In his paper, Dimopoulos points out that, due to their peculiar coupling to electromagnetic fields, axions can acquire an apparent mass which makes a negative contribution to their energy. This effect isn’t so unusual – it is similar to the way that fermions obtain masses by coupling to the Higgs or that scalar fields can obtain effective masses by coupling to electromagnetic fields. In other words, it’s not totally unheard of.

Dimopoulos then estimates how strong an electromagnetic field is necessary to turn axions into exotic matter and finds that around supermassive black holes the conditions would just be right. Hence, he concludes, axionic dark matter might keep wormholes open and traversable.

In his present work, Dimopoulos has however not done a fully relativistic computation. He considers the axions in the background of the black hole, but not the coupled solution of axions plus black hole. The analysis so far also does not check whether the wormhole would indeed be stable, or if it would instead blow off the matter that is supposed to stabilize it. And finally, it leaves open the question how the wormhole would form. It is one thing to discuss configurations that are mathematically possible, but it’s another thing entirely to demonstrate that they can actually come into being in our universe.

So it’s an interesting idea, but it will take a little more to convince me that this is possible.

And in case you warmed up to the idea of getting out of this galaxy, let me remind you that the closest supermassive black hole is still 26,000 light years away.

Note added: As mentioned by a commenter (see below) the argument in the paper might be incorrect.
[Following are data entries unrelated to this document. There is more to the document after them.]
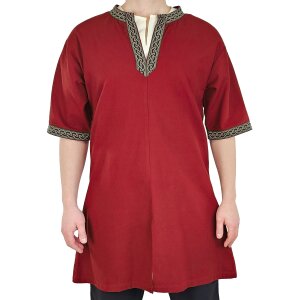 Classic Viking tunic red "Arvid" with knot pattern, short sleeves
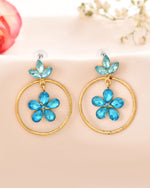 Thumbnail for Jewels Nest Gold-Tone Blue Crystal Floral Hoop Earrings For Women - Distacart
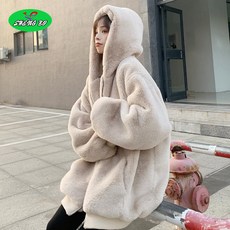 SHENGBO루즈핏 후드 페이크퍼 자켓 밍크코트 토끼털 점퍼S0020901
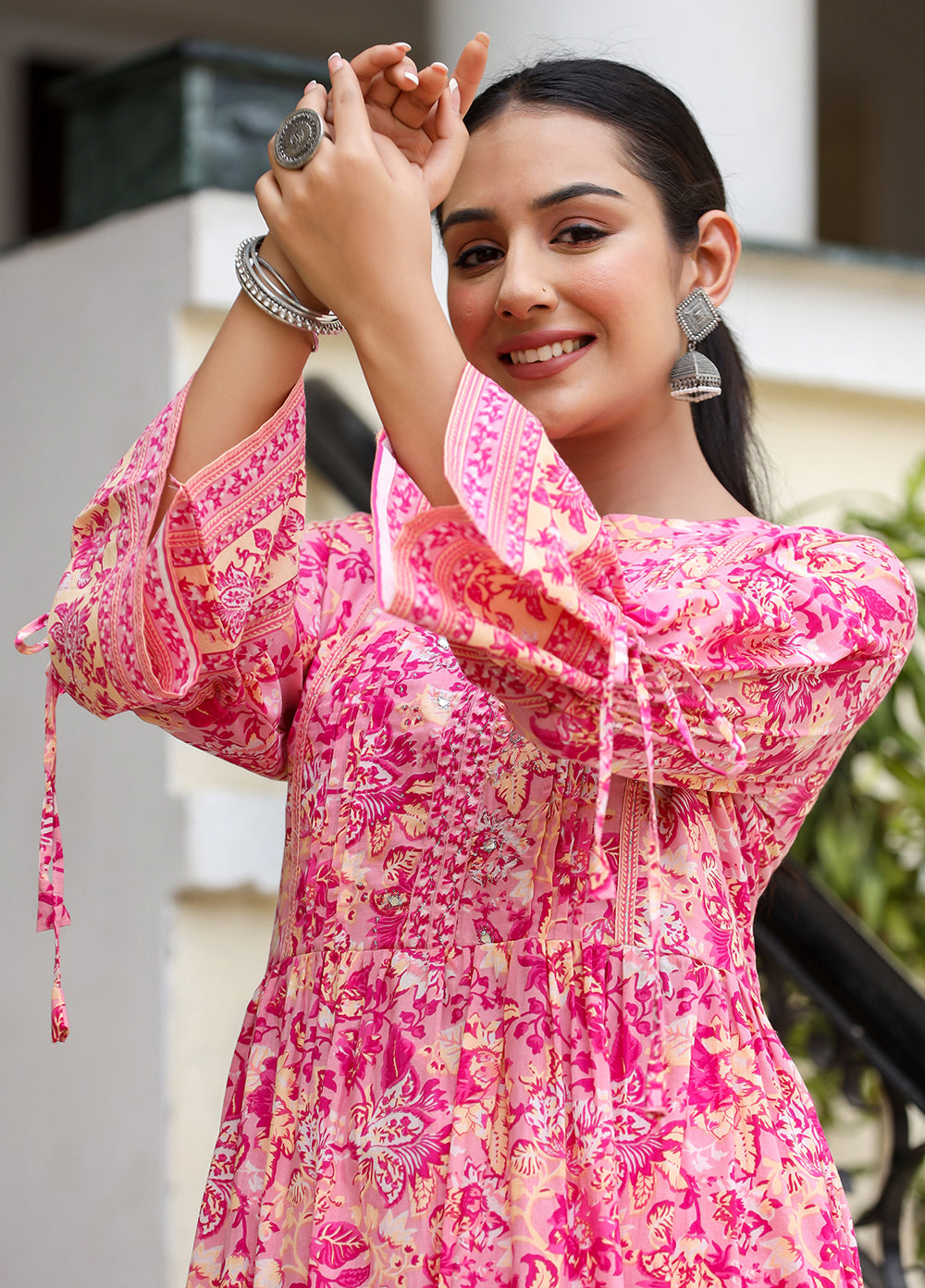 Kaajh Women's Pink Floral Print Cotton Kurta Set - Distacart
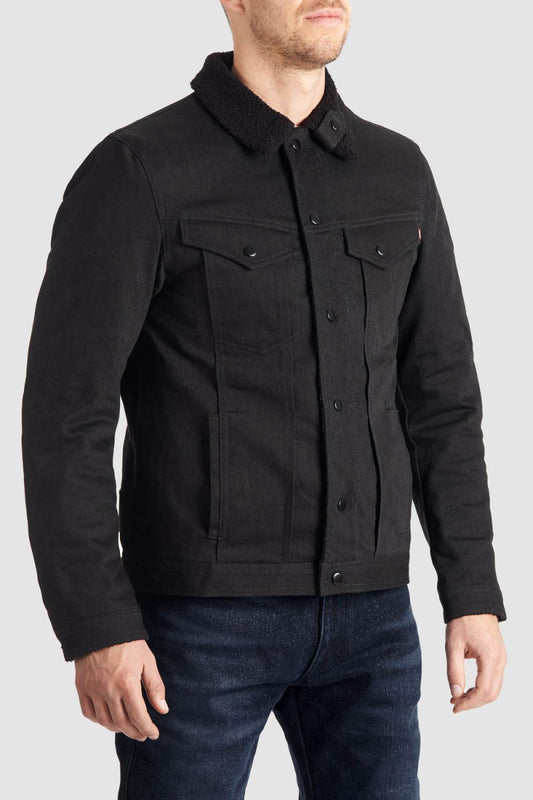 HUSKY JACKET BLACK – Sherpa Trucker Motorcycle Jacket Unisex - Vox Leather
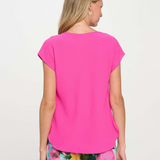 Cap Sleeve Cowl Neck Woven Top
I asked the author for comment, but no reply so far.
Another note: The author says he has revised and replaced the paper, and that the conclusions are not affected.


  1. Wormholes are permitted as nothing other than finishing touch hairdressing extensions on the black hole bob. But no one has ever given a satisfactory answer as to why exactly should a wormhole find itself back here again. Why, on what reasoning? It used to be handled graphically by luscious progressive folding of spacetime at increasing scales. Like a've seen the graphic. The wormhole heads directly down and, the towel is folded, so into the fold, up the funnel, under the table over the mat, stamp on a cat, out the door, and back for more you wormholey moley bore, you wormwhole whore, highly five, on the side back in the hole rock and roll spacetime Rockstar!
    Only ryhmme or reason there is wot I done. Wormholes also assume literal spacetime fabric, black hole physics near the singlearity which we know zilch about. I mean, why bother wasting time none of you have on something so unpromising.
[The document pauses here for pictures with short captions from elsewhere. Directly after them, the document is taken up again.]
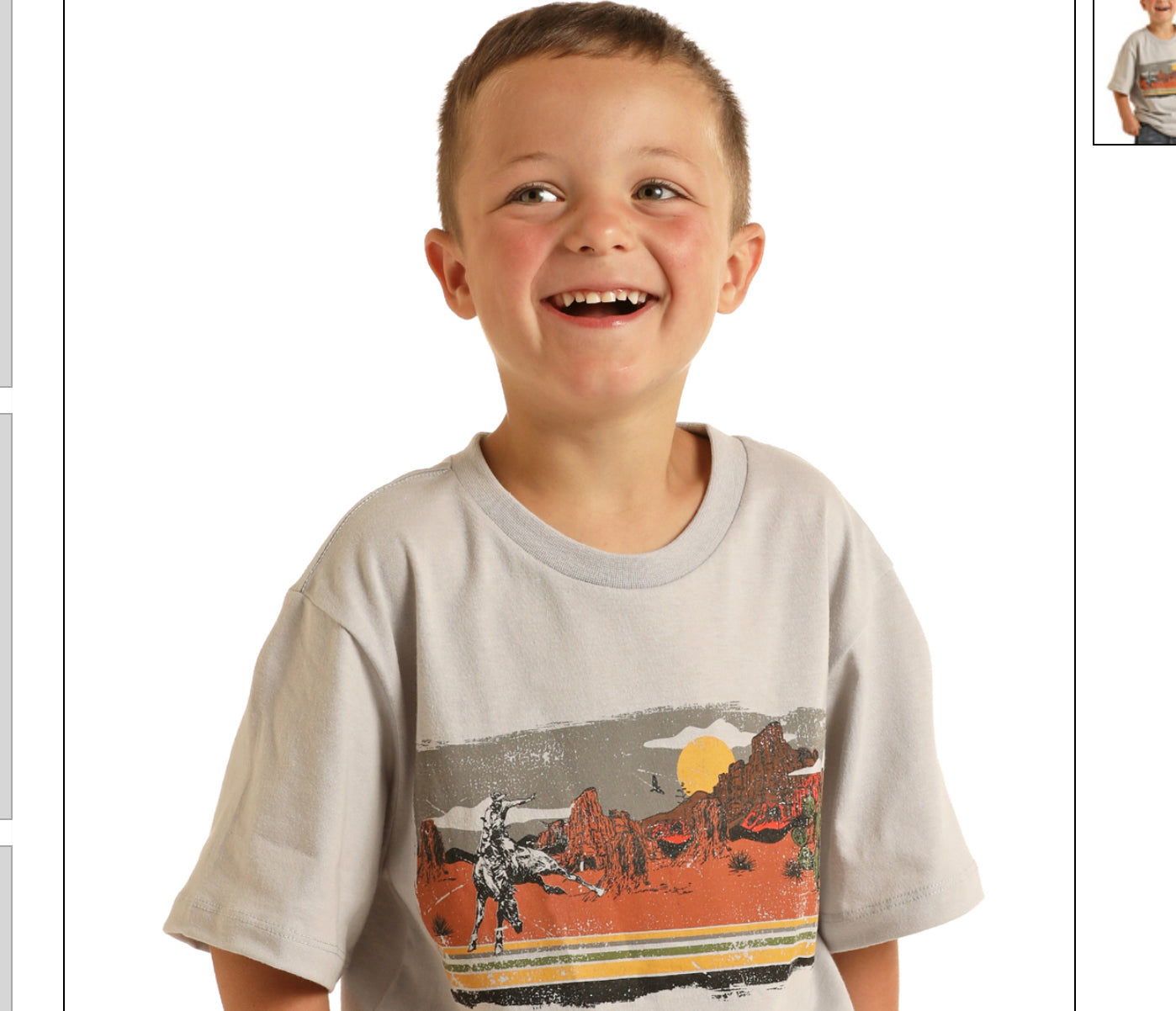 Kid’s T-Shirt light Grey Bronco w/Red Rocks Canyon Shirts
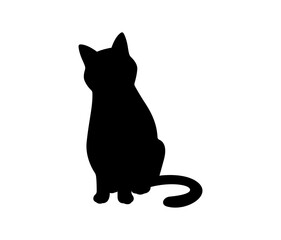 Black cat icon. Sitting cat silhouette illustration.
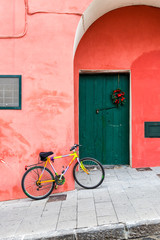 Procida (Italy) - Colored walls of houses in Procida, a little island in Campania, southern Italy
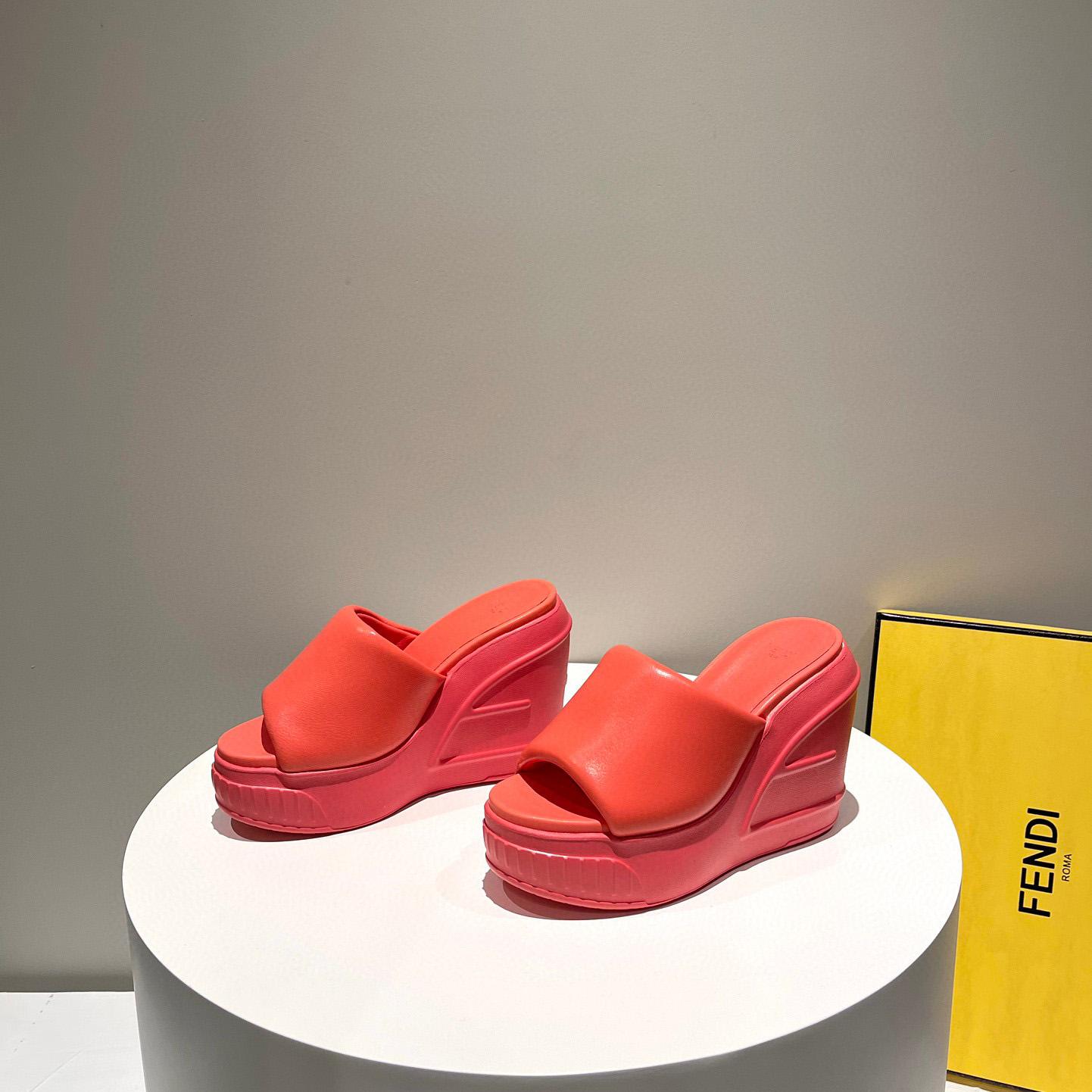 Fendi Fashion Show Red Nappa Leather Slides - DopestKickz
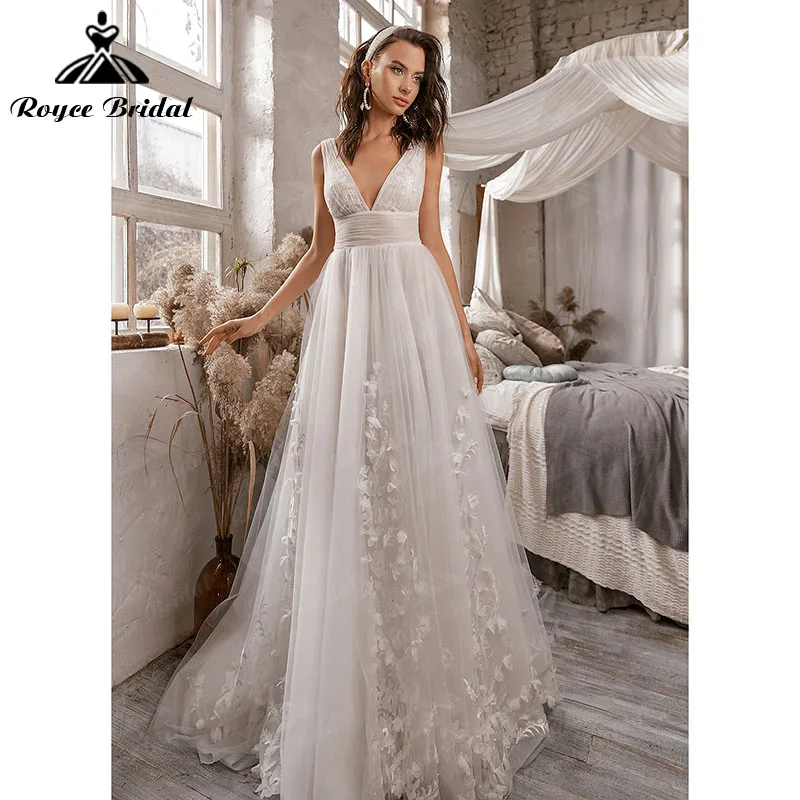 

Платье Свадебное ТРАПЕЦИЕВИДНОЕ с глубоким V-образным вырезом, без рукавов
  2. How does a given galactic core choose its wormhole partner, or is the connection multiple? Galaxies move relative to each other. Given wormhole coupling, is there anomalous non-gravitational relative movement?

    Given two bubbles of different radii connected by a thin tube, the smaller radius bubble has larger internal pressure and squeezes its contents into the larger bubble. What flows between disparate coupled galaxies' black holes?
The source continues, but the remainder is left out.